Kate Morrison presenting on building a fictional character from the archives
The approach she discussed at that workshop produced this work of fiction based on the lives of black Africans who lived in Tudor England working in domestic services and as craftsmen and women. Morrison’s fiction contrasts with the facts in Miranda Kaufmann’s Black Tudors: The Untold Story and Onykea Nubia's Blackamoores: Africans in Tudor England, Their Presence, Status and Origins who both describe the African presence from their researches in the archives. Morrison, with equal academic rigour to researching the archives takes the facts from her diligent scholarship and through her masterful storytelling skills brings the black African Tudor presence to life making it real, making it human, giving it flesh and blood with emotions and desires.

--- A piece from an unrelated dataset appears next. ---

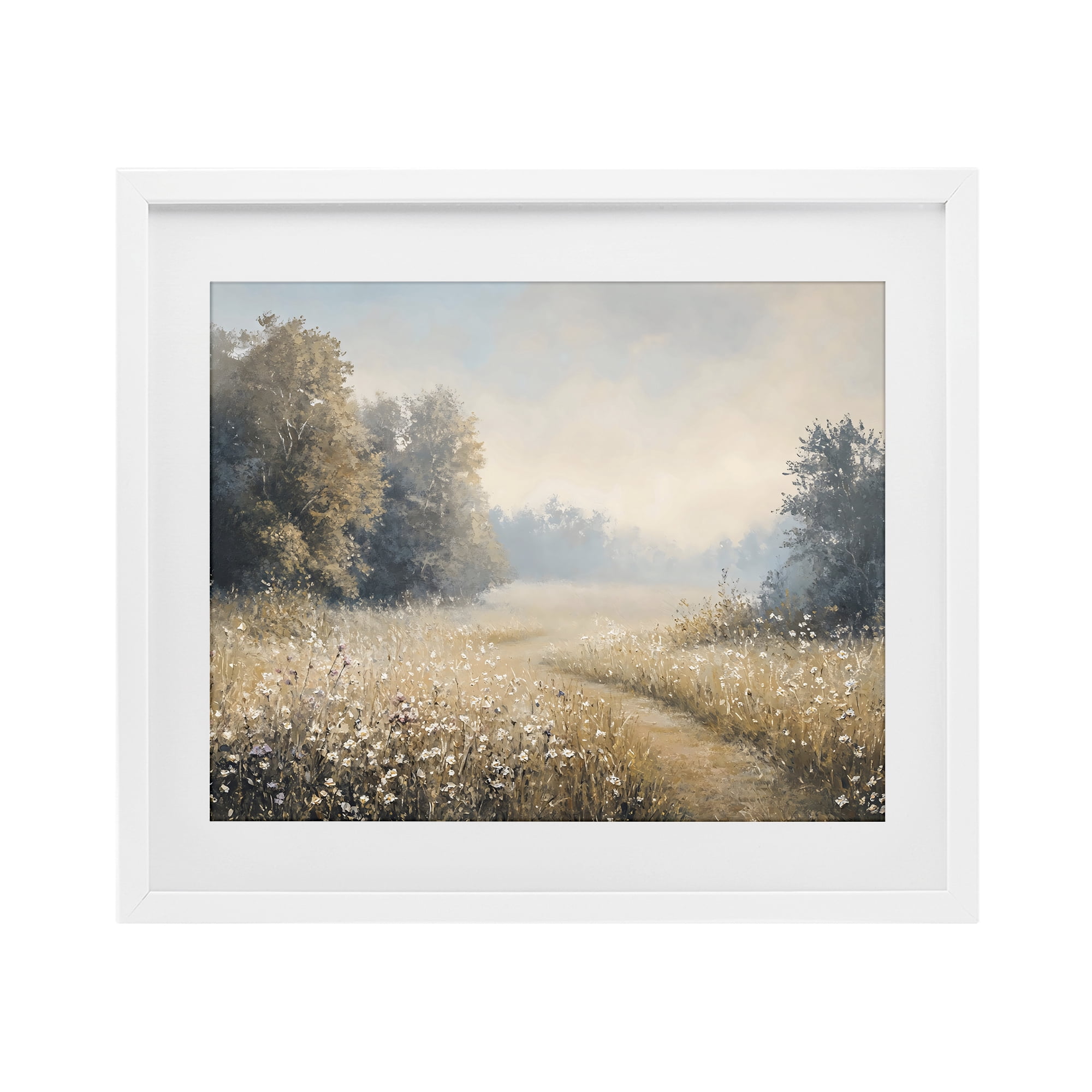 Stupell Industries Wandering Wildflower Path at Dawn White Framed Print Under Glass, design by Creative Studio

Her book is not just the story of the life and times of Suky/Susan Charlewood/Nsowah a black woman and her struggle for survival in Elizabethan England, it is much richer, deeper and wider telling stories of class, religion, death, love and sex set against the spiritual and secular suspicions and fears of the day, telling the story of a black woman making her way seeking to understand her heritage and find her true identity in a world of national and international, brutal religious strife and military intrigue. Morrisons skilfully examines and reveals the political and religious climate of the time, as England wanted its own sovereignty not that of the Pope, not unlike the demands of the Leavers in Britain’s BREXIT debate.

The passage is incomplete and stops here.